Oyster shells with traces of pigments, London 13th century - Guildhall Art Gallery, case 23

For more information on the shells  see Museum of London entry here


To make paints, the medieval illuminator needed pigments for the color and a binder to bind the pigment to the working surface. On parchment and for books, only oil-free binders such as glair and gum Arabic were used; paintings and icons featured the use of egg yolks in tempera painting.


Pigments provide the color for paints and can be made from a variety of products such as minerals, soil, chalk, animal matter and plants. To prepare pigments for paints, the material would be ground into a fine powder and then mixed with water and a binder. The proportions of this mixture needed to be carefully balanced because too much binder made the paint sticky and would glue pages together, while too little binder would cause the paint to crackle and peel off of the parchment or paper. The proper mixture of paints required experience and knowledge of the various ingredients:

         Pigments from minerals, soil, etc.

clay (brown), chalk (white, grey), ockre (from yellow to darkbrown), Lapislazupli (blue), auripigment (yellowgold, poisenou), azurit (pale blue), malachit (green)

         Pigments from chemial reactions

leadwhite (white, highly poisenous), minium (red-orange, by heating leadwhite to 480 degrees Celsius, just as poisenous as leadwhite), verdigris (oxidized copper, from yellow-green to brilliant turquoise, eats parchment and paper!), zinnober (mercury with sulfur, red color)

         Pigments from plants

saffron (yellow-gold), folium (lat. Chrozophora tintoria Iuss.; red to purple), woad and indigo (blue), several plants for green sap, including parsley, cabbage, leeks, etc.

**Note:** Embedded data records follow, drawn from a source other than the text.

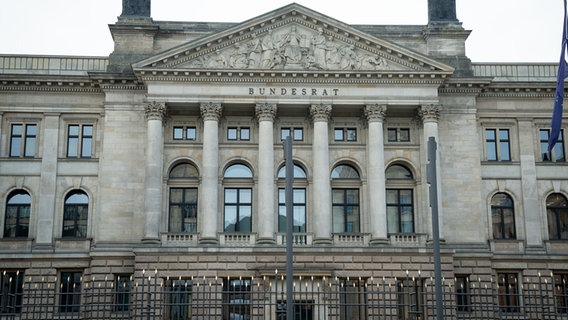 Blick auf das Bundesratsgebäude in Berlin. © picture alliance / Flashpic Foto: Jens Krick
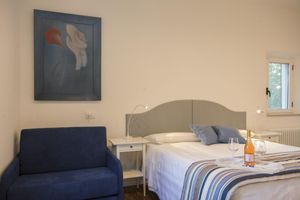 Alquiler Vacacional - Modern Apartment 2km From City Centre out of No traffic Area - Parking Included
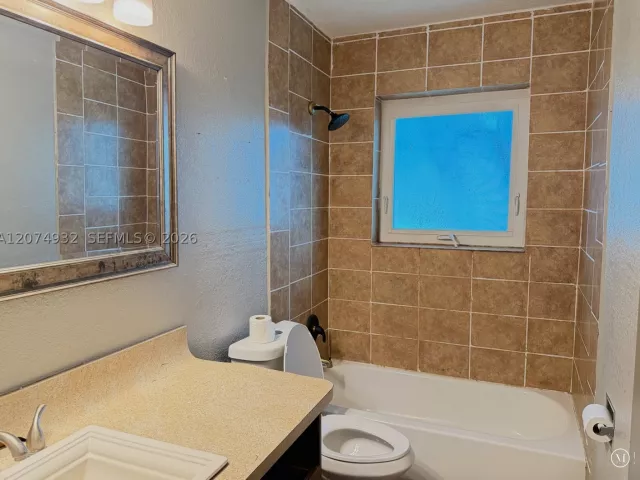 4-bedroom home for rent in Miami - 56 NW 39th St 56 - MondialRealty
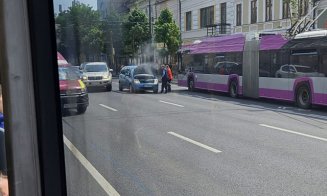 Trafic îngreunat, în centrul Clujului, de o mașină cu probleme. Oamenii au crezut că a luat foc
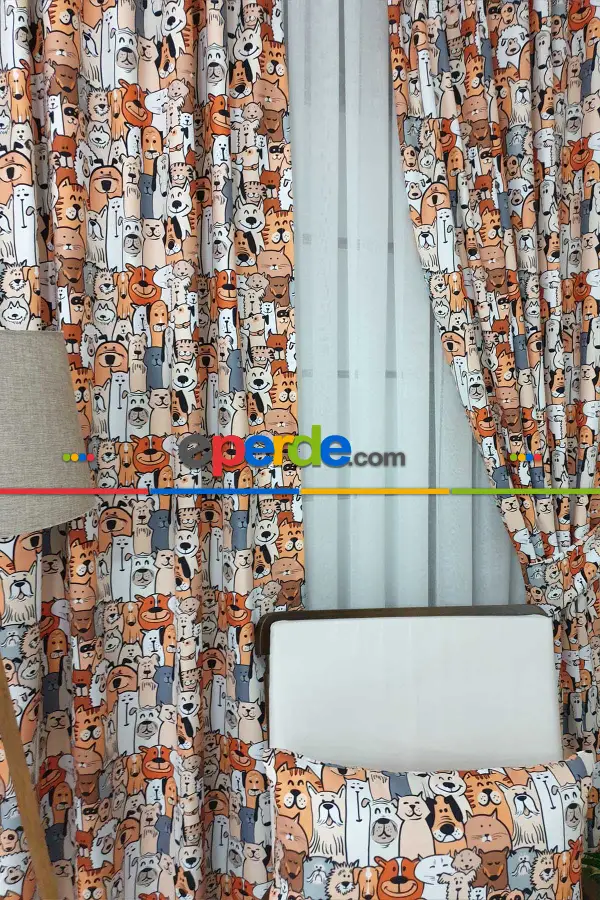 Köpek Resimli Fon Perde K339 H - Kumaşı Kalındır Duck Bezi Değildir.- Gri-Füme-Antrasit-Kahve-Çok Renkli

         Pigments from animal matter

Purpursnail Murex brandaris or Murex trunculus (purple; it was incredibly expensive and sometimes used to dye the parchment for extraordinary codices various shades of purple), dried lice (Kermes Vermilio Planch.) mixed with alum (red), gall (a light but brilliant yellow, usually combined with saffron or auripigment)



Various types of binders are used depending on the type of project, the desired effect and the available materials.

         Glair. Whip egg white to a froth, and then let it sit. Strain the liquid into a separate container and keep in the refrigerator. Glair can also be used for gold leafing.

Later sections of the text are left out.